Los vikingos y el Estrecho
Los vikingos y el Estrecho / Enrique Martínez

En 859, las naves vikingas atravesaron el estrecho de Gibraltar y desembarcaron frente a Algeciras, protagonizando uno de sus más conocidos episodios de saqueo. Una escuadra formada por 62 barcos de guerra al mando de los caudillos Hasting Alsting y Björn Ragnarsson cercaron la ciudad e iniciaron su sitio. Después de tres días de combate, las tropas nórdicas traspasaron sus defensas y asaltaron las viviendas de sus habitantes más adinerados. Incendiaron la mezquita principal de ocho naves que se alzaba en los altos del actual barrio de San Isidro, al igual que la de las Banderas, que se levantaba junto al Ojo del Muelle. Tras recibir refuerzos de Medina, Balsana y Jerez, las tropas musulmanas repelieron el asalto vikingo, tras el que Muhammad I ordenó la mejora de las defensas de la ciudad. Tras dejar Algeciras, el ejército vikingo no debió de quedar muy maltrecho, ya que continuó su viaje hacia el Mediterráneo y asaltó Orihuela, las Islas Baleares y desde su base invernal en la Camarga, las ciudades de Nimes y Arles. Llegaron a remontar el Ebro y asaltar Pamplona, donde capturaron al rey García Íñiguez.

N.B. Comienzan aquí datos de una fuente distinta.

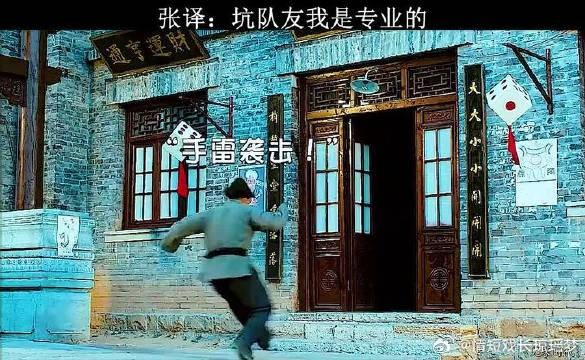 张译证明非重色轻友，白玲变黒玲引笑场
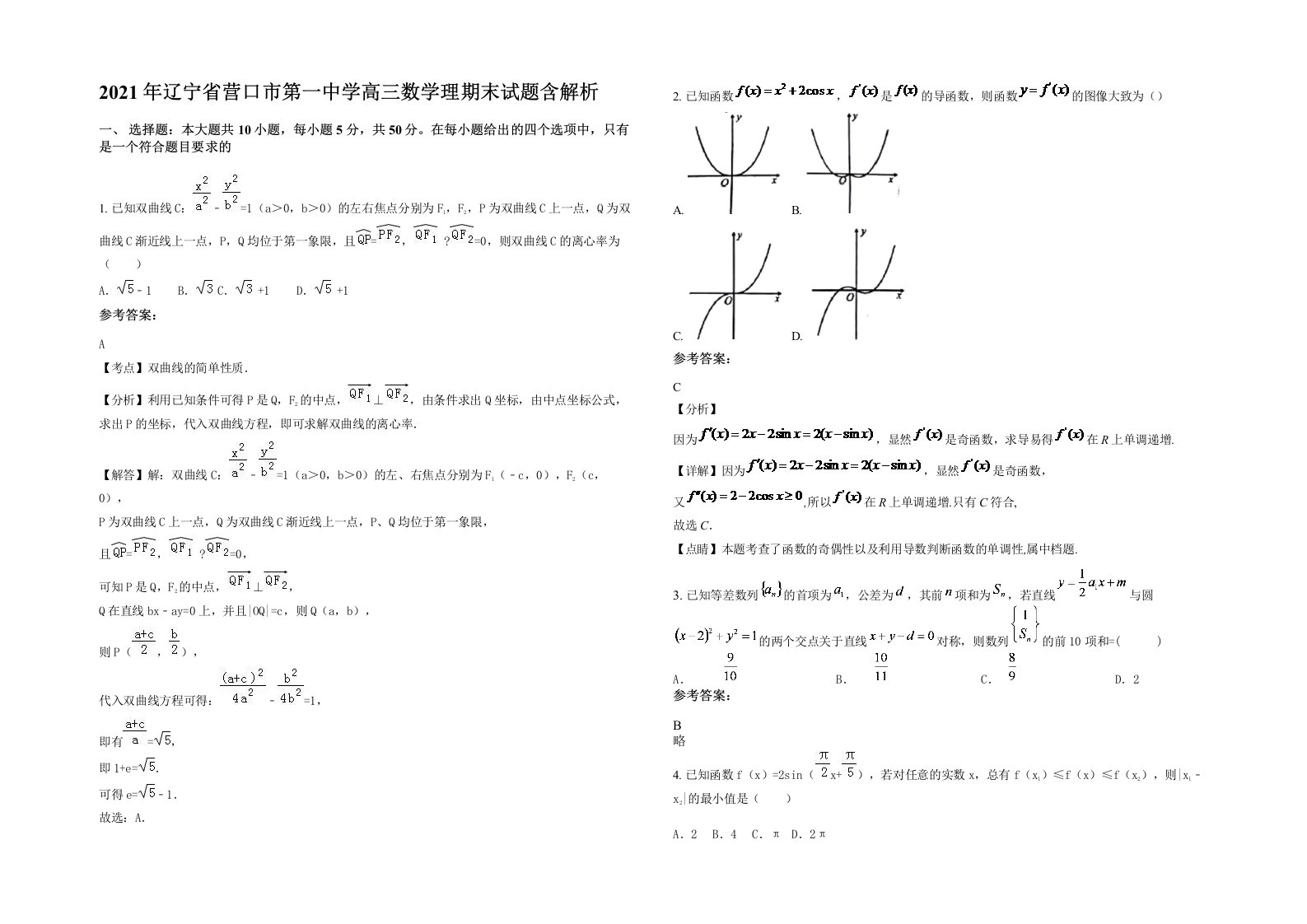 2021年辽宁省营口市第一中学高三数学理期末试题含解析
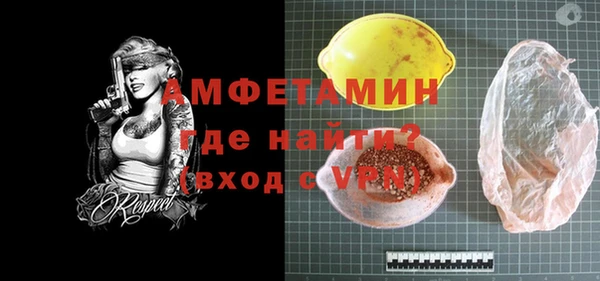 альфа пвп VHQ Верхнеуральск
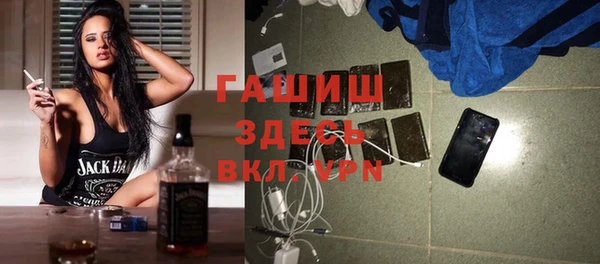 шишки Армянск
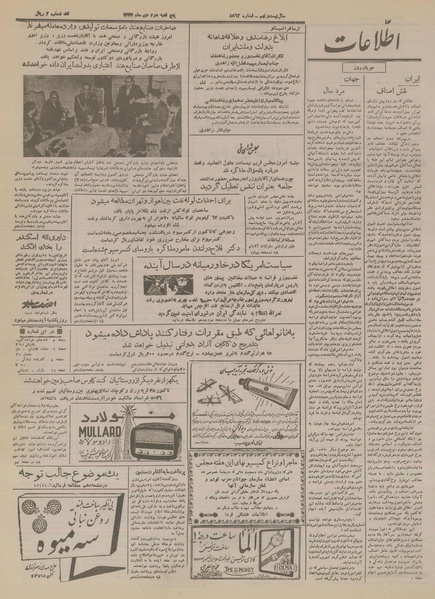 پرونده:Ettelaat13331002.pdf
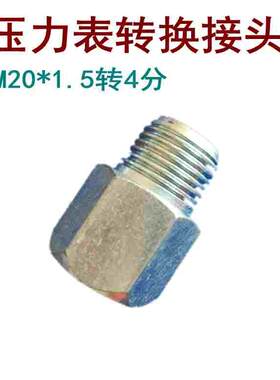 压力表内外丝镀锌转换接头 M20*1.5转4分变径螺纹活接头焊接底座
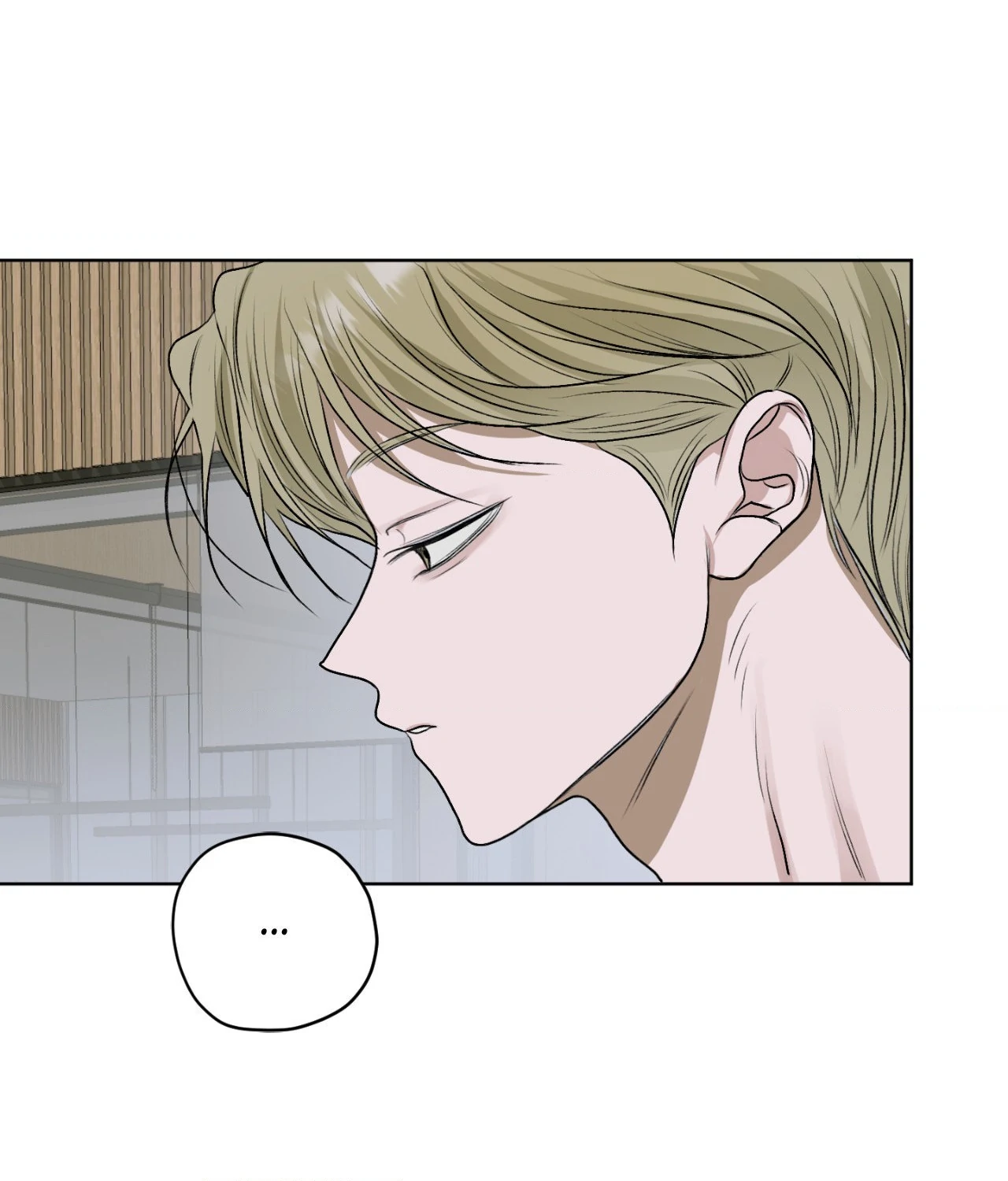 Pond Where Flowers Fall Chapter 28 - Page 63 in English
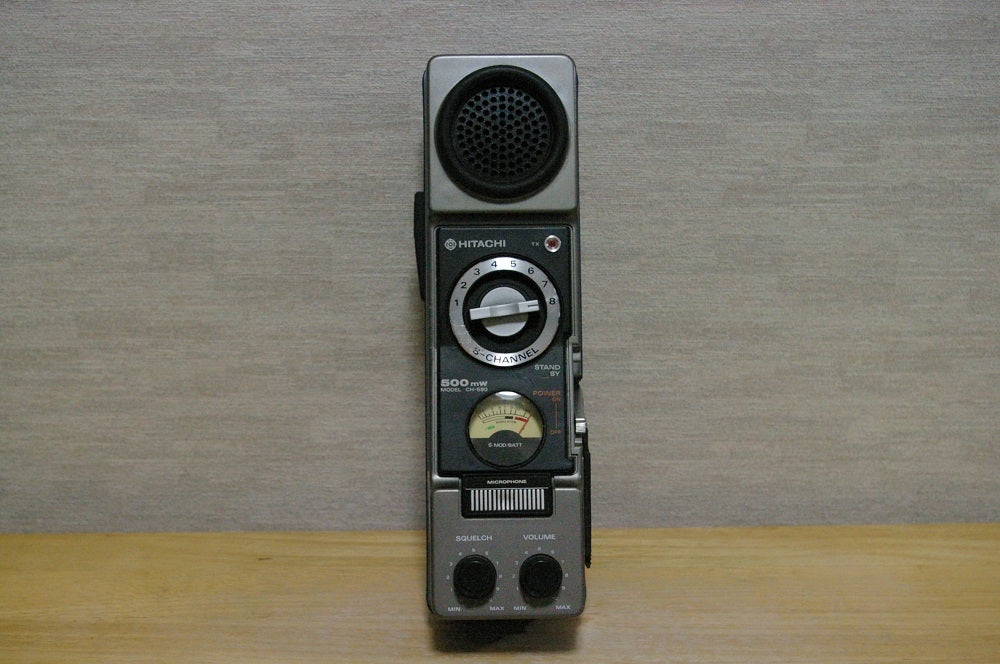 日立 CH-580 | 「えひめCA34」のブログ 日立 CH-580 | 「えひめCA34」のブログ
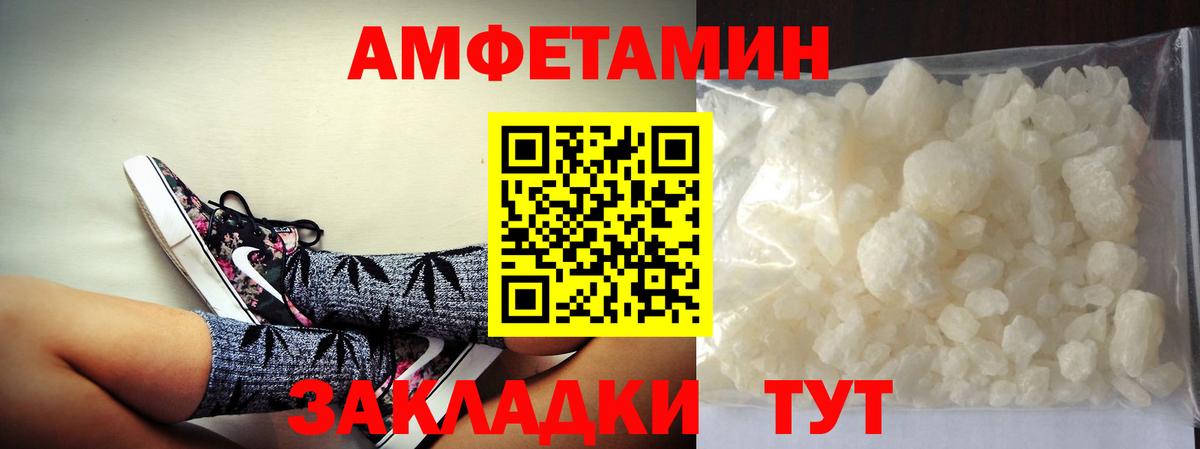 Первитин  Метамфетамин Декстрометамфетамин 99.9%  Вход с VPN  Южноуральск 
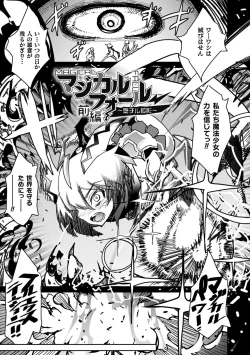 Page 59 of Innyuu Mesuniku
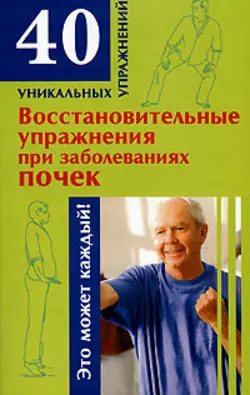 Восстановительные упражнения при заболеваниях почек, Николай Онучин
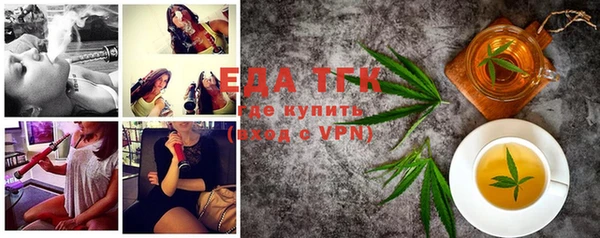 прущая мука Ростов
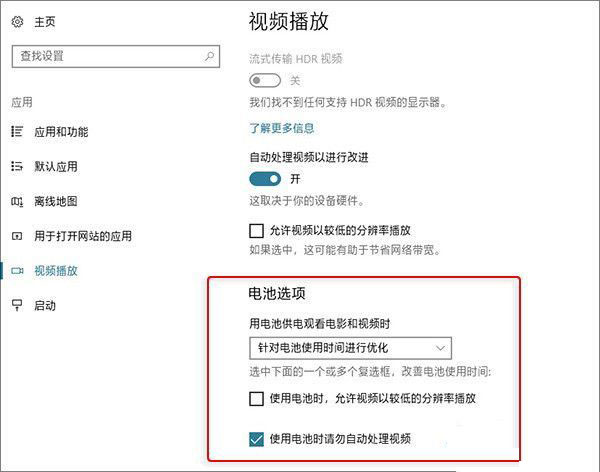Win10 1803更新了什么？史上最全的1803更新內容匯總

Estas incursiones se mantuvieron a lo largo del siglo X, cuando obtuvieron la victoria de Alcacer do Sal y sitiaron Santiago de Compostela. A principios del XII, ya cristianizados, el monarca noruego Sirgurd I Magnusson, emprendió toda una cruzada hasta Jerusalén. En 1108 zarpó de Bergen con sesenta barcos y un ejército de seis mil guerreros que arribó en la primavera de 1110 al estrecho de Gibraltar. Tras combatir contra musulmanes en las Baleares, llegaron a Tierra Santa en el otoño y conquistaron Sidón antes de hacer una larga escala en Constantinopla, desde donde regresaron por el interior a Noruega.

Bergen, Normandía, Santiago, Lisboa, Cádiz, Algeciras, Ibiza, Sicilia, Tiro, Jerusalén, Constantinopla… Las expediciones vikingas tuvieron en el estrecho de Gibraltar un hito capital en su viaje mítico e histórico hacia el extremo oriental de un Mediterráneo que fue para ellos objetivo y meta. Las tradicionales travesías hacia el oeste fueron reconvertidas en viajes hacia el este donde todo valía con tal de llegar a unos orígenes que estaban en las cálidas tierras donde el sol nacía; viajes de ida y vuelta donde se trastocaron el punto de partida y el de arribada, pero donde ha seguido presente la constante necesidad de volver.